Georg Hager's Blog

Random thoughts on High Performance Computing

Content

Get a full dose of performance engineering with our two half-day tutorials at ISC25!

This year’s ISC High Performance conference takes place in Hamburg from June 10-13. As a refreshing counterweight to the usual enema of AI and Quantum Computing you will get there, we conduct two half-day tutorials about good old solid performance engineering.

In the morning of June 13, Jan Laukemann and I will present the “Core-Level Performance Engineering” tutorial: 3.5 hours packed with information on how modern CPUs execute your code. Pipelining, out-of-order execution, superscalarity, SIMD, plus hands-on exercises using Matt Godbolt’s Compiler Explorer and OSACA, our Open-Source Architecture Code Analyzer, which is integrated with it. If you need to model the in-core performance of code for optimization or co-design, this tutorial is for you.

In the afternoon of June 13, Christie Alappat (still a PhD student at FAU but now working for Intel), Jonas Thies (TU Delft), Hartwig Anzt (TU München Campus Heilbronn), and myself will conduct the tutorial “Performance Engineering for Sparse Linear Solvers.” It provides a thorough coverage of sparse matrix-vector multiplication (SpMV), preconditioners, and even cache blocking of matrix powers via RACE, Christie’s Recursive Algebraic Coloring Engine. In the hands-on exercises, attendees will get access to an A100 GPU and be able to experiment with SpMV and sparse linear solvers. All code (mostly python/numba) is available for download.

New tutorial “Performance Engineering for Linear Solvers” at ISC High Performance 2024

On Sunday, May 12, the brand-new tutorial “Performance Engineering for Linear Solvers” will be presented at ISC High Performance in Hamburg by Christie Alappat (still a PhD student at FAU but now working for Intel), Jonas Thies (TU Delft), Hartwig Anzt (TU München Campus Heilbronn), and myself.
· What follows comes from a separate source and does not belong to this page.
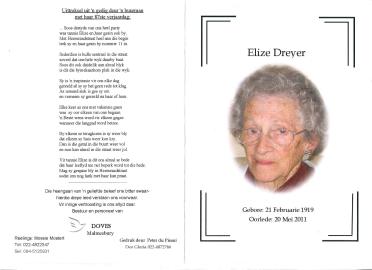 DREYER-Elizabeth-Wilhelmina-Nn-Elize-1919-2011-F_1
This tutorial was in the making for a long time; many concepts were made, re-made, and updated again. We aimed at a slightly higher abstraction level than in our popular tutorial “Node-Level Performance Engineering,” which has a strong focus on the Roofline model and the optimization of simple loops and loop nests. In contrast, the new tutorial concentrates on the performance of sparse linear solvers, which includes a coverage of sparse matrix-vector multiplication (SpMV), preconditioners, and even cache blocking of matrix powers via RACE, Christie’s Recursive Algebraic Coloring Engine. Since the tutorial was accepted as a half-day event, we could only accommodate online demos instead of hands-on exercises for attendees. However, all code (mostly python/numba) is available for download.